* _Problem description_: Down to the last line, copy the records below without any change.

* _Records provided_:
------------------------------------------------------------------------

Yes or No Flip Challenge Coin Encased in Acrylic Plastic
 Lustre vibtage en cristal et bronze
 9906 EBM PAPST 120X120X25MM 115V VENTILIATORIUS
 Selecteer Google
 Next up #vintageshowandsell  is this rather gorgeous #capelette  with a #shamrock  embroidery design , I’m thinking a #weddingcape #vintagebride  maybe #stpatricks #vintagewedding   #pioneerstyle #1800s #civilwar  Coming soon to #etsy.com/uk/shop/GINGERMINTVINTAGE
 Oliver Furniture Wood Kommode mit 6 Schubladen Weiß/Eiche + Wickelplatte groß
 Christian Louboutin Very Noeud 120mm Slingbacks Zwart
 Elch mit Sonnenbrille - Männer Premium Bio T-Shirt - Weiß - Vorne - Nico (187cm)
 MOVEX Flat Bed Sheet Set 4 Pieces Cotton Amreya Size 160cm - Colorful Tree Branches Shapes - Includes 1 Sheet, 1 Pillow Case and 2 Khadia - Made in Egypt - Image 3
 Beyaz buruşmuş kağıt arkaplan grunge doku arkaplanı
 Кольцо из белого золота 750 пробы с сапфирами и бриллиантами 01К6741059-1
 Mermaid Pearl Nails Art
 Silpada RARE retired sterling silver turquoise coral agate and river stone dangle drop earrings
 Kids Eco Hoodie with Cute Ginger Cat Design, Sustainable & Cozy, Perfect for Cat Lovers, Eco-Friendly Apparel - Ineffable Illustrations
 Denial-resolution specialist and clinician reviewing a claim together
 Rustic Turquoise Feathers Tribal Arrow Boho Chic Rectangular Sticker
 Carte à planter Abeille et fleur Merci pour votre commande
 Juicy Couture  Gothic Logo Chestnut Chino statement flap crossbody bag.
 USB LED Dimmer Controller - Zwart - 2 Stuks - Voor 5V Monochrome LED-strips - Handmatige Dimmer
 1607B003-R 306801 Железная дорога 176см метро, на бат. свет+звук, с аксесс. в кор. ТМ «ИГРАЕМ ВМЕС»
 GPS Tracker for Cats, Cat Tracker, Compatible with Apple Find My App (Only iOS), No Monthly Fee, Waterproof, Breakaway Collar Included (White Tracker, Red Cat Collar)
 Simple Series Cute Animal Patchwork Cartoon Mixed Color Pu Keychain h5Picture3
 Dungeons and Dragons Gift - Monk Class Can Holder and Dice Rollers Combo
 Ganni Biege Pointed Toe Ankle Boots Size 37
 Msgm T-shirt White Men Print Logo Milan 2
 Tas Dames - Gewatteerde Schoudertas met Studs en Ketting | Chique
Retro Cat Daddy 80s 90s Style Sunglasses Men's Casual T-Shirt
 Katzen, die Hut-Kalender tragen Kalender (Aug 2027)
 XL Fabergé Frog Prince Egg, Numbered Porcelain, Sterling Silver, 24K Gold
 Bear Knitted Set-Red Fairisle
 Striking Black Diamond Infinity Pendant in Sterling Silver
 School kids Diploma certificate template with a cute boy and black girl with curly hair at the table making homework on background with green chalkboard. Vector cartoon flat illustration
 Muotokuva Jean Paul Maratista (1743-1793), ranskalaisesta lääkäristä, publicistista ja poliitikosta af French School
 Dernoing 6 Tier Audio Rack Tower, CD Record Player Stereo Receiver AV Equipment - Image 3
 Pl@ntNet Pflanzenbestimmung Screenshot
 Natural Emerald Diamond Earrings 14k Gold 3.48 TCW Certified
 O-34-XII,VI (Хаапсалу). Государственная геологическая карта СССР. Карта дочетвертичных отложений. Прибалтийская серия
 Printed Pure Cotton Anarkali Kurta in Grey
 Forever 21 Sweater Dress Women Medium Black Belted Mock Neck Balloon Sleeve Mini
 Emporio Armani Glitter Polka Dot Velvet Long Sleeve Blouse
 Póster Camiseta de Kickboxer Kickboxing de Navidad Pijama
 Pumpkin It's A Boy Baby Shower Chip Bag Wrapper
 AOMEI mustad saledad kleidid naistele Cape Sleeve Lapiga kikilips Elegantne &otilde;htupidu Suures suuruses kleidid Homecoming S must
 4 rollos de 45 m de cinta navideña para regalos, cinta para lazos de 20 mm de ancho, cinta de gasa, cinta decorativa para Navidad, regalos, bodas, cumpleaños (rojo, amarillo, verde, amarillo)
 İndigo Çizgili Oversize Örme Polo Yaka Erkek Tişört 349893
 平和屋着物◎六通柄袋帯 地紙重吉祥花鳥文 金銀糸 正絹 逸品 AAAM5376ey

------------------------------------------------------------------------

* _Exercise result_:
Yes or No Flip Challenge Coin Encased in Acrylic Plastic
 Lustre vibtage en cristal et bronze
 9906 EBM PAPST 120X120X25MM 115V VENTILIATORIUS
 Selecteer Google
 Next up #vintageshowandsell  is this rather gorgeous #capelette  with a #shamrock  embroidery design , I’m thinking a #weddingcape #vintagebride  maybe #stpatricks #vintagewedding   #pioneerstyle #1800s #civilwar  Coming soon to #etsy.com/uk/shop/GINGERMINTVINTAGE
 Oliver Furniture Wood Kommode mit 6 Schubladen Weiß/Eiche + Wickelplatte groß
 Christian Louboutin Very Noeud 120mm Slingbacks Zwart
 Elch mit Sonnenbrille - Männer Premium Bio T-Shirt - Weiß - Vorne - Nico (187cm)
 MOVEX Flat Bed Sheet Set 4 Pieces Cotton Amreya Size 160cm - Colorful Tree Branches Shapes - Includes 1 Sheet, 1 Pillow Case and 2 Khadia - Made in Egypt - Image 3
 Beyaz buruşmuş kağıt arkaplan grunge doku arkaplanı
 Кольцо из белого золота 750 пробы с сапфирами и бриллиантами 01К6741059-1
 Mermaid Pearl Nails Art
 Silpada RARE retired sterling silver turquoise coral agate and river stone dangle drop earrings
 Kids Eco Hoodie with Cute Ginger Cat Design, Sustainable & Cozy, Perfect for Cat Lovers, Eco-Friendly Apparel - Ineffable Illustrations
 Denial-resolution specialist and clinician reviewing a claim together
 Rustic Turquoise Feathers Tribal Arrow Boho Chic Rectangular Sticker
 Carte à planter Abeille et fleur Merci pour votre commande
 Juicy Couture  Gothic Logo Chestnut Chino statement flap crossbody bag.
 USB LED Dimmer Controller - Zwart - 2 Stuks - Voor 5V Monochrome LED-strips - Handmatige Dimmer
 1607B003-R 306801 Железная дорога 176см метро, на бат. свет+звук, с аксесс. в кор. ТМ «ИГРАЕМ ВМЕС»
 GPS Tracker for Cats, Cat Tracker, Compatible with Apple Find My App (Only iOS), No Monthly Fee, Waterproof, Breakaway Collar Included (White Tracker, Red Cat Collar)
 Simple Series Cute Animal Patchwork Cartoon Mixed Color Pu Keychain h5Picture3
 Dungeons and Dragons Gift - Monk Class Can Holder and Dice Rollers Combo
 Ganni Biege Pointed Toe Ankle Boots Size 37
 Msgm T-shirt White Men Print Logo Milan 2
 Tas Dames - Gewatteerde Schoudertas met Studs en Ketting | Chique
Retro Cat Daddy 80s 90s Style Sunglasses Men's Casual T-Shirt
 Katzen, die Hut-Kalender tragen Kalender (Aug 2027)
 XL Fabergé Frog Prince Egg, Numbered Porcelain, Sterling Silver, 24K Gold
 Bear Knitted Set-Red Fairisle
 Striking Black Diamond Infinity Pendant in Sterling Silver
 School kids Diploma certificate template with a cute boy and black girl with curly hair at the table making homework on background with green chalkboard. Vector cartoon flat illustration
 Muotokuva Jean Paul Maratista (1743-1793), ranskalaisesta lääkäristä, publicistista ja poliitikosta af French School
 Dernoing 6 Tier Audio Rack Tower, CD Record Player Stereo Receiver AV Equipment - Image 3
 Pl@ntNet Pflanzenbestimmung Screenshot
 Natural Emerald Diamond Earrings 14k Gold 3.48 TCW Certified
 O-34-XII,VI (Хаапсалу). Государственная геологическая карта СССР. Карта дочетвертичных отложений. Прибалтийская серия
 Printed Pure Cotton Anarkali Kurta in Grey
 Forever 21 Sweater Dress Women Medium Black Belted Mock Neck Balloon Sleeve Mini
 Emporio Armani Glitter Polka Dot Velvet Long Sleeve Blouse
 Póster Camiseta de Kickboxer Kickboxing de Navidad Pijama
 Pumpkin It's A Boy Baby Shower Chip Bag Wrapper
 AOMEI mustad saledad kleidid naistele Cape Sleeve Lapiga kikilips Elegantne &otilde;htupidu Suures suuruses kleidid Homecoming S must
 4 rollos de 45 m de cinta navideña para regalos, cinta para lazos de 20 mm de ancho, cinta de gasa, cinta decorativa para Navidad, regalos, bodas, cumpleaños (rojo, amarillo, verde, amarillo)
 İndigo Çizgili Oversize Örme Polo Yaka Erkek Tişört 349893
 平和屋着物◎六通柄袋帯 地紙重吉祥花鳥文 金銀糸 正絹 逸品 AAAM5376ey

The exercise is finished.